As Max pointed out in an earlier post, Pakistan is too distracted by internal difficulties to devote necessary attention to the Taliban and al Qaeda forces in its frontier regions. Today, prosecutors said they would proceed with money laundering and corruption charges against Nawaz Sharif. Lawyers for the former Pakistani prime minister said the allegations against their client are politically motivated.
That assertion has the ring of truth. A September 6 parliamentary vote will select a president to replace Pervez Musharraf, who resigned in the middle of last month. Sharif broke away from the ruling coalition on August 25. His former ally, Asif Ali Zardari, is expected to win the presidency. Zardari, the widower of Benazir Bhutto and the head of the Pakistan People’s Party, was known to be corrupt when his wife was prime minister.
It’s no wonder that democracy has a bad name in the country, where politics are not only corrupt but unstable. It was another period of corruption and instability that led Musharraf, then head of the army, to seize power in a 1999 coup from the democratically-elected Sharif. So it’s fair to ask whether the country is headed toward another cycle of corruption, instability and repression.

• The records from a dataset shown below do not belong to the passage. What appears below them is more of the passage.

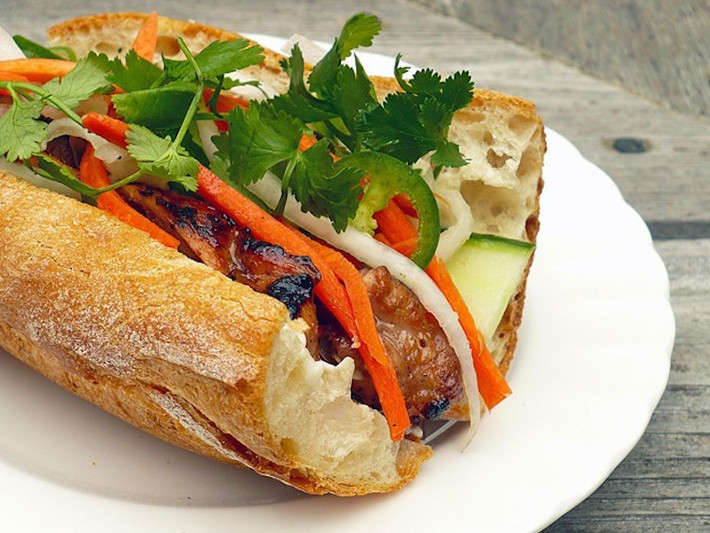 Một chiếc bánh mì chỉ có giá 18.000. Quán bán từ 17h cho đến khi hết thịt. Bạn nên đến sớm, xếp hàng để không phải chờ đợi lâu, hoặc hết hàng. Ảnh:Saigon-online.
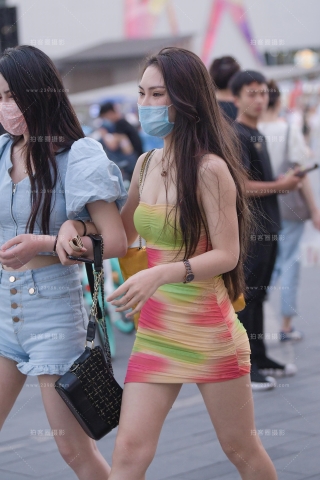 性感彩虹包臀裙高跟小姐姐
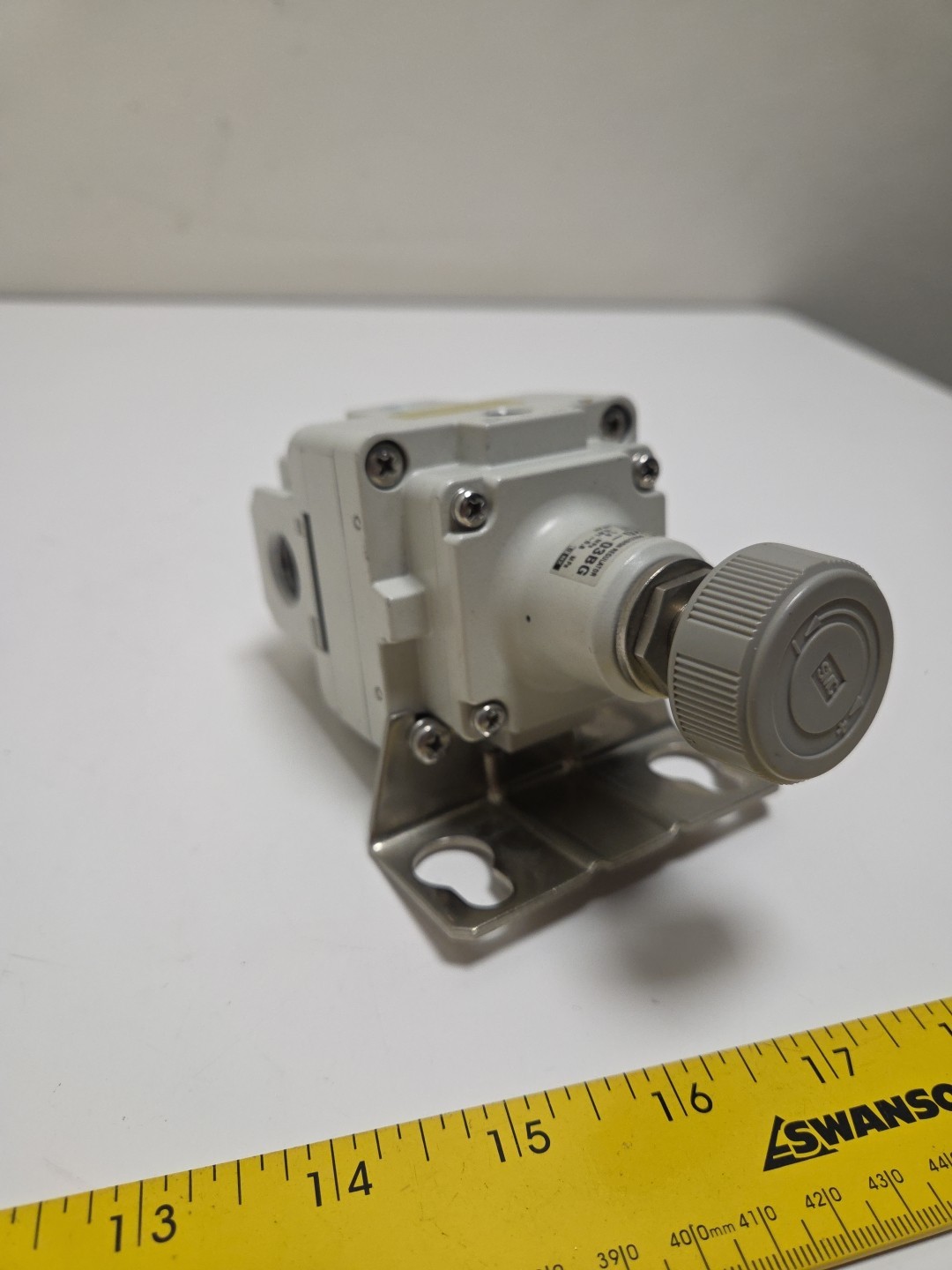SMC IR3020-03BG Precision Air Regulator w/ Gauge & Bracket 0.01-0.8MPa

That is, of course, possible in Pakistan, where anything bad can happen. Of course, Pakistani politicians, like Sharif and Zardari, will go back to their old way of doing things if left to their own devices. Yet history does not always repeat itself, and now there is a new factor in Pakistani politics. The people of that country took great risks to restore representative governance, flooding into the streets last year when Musharraf was removing their judges, closing down the independent media, and taking apart their constitution. They eventually succeeded in getting rid of him in a peaceful manner, and it’s unlikely they will now let rapacious pols loot their society.
Some may say that things are getting worse this week with the charging of Sharif and the election of Zardari, but they may actually be getting better. Of course, it’s way too early to claim success, but we can say that Pakistan, for the first time in a decade, has the opportunity to create a more stable politics under the watchful eye of its people.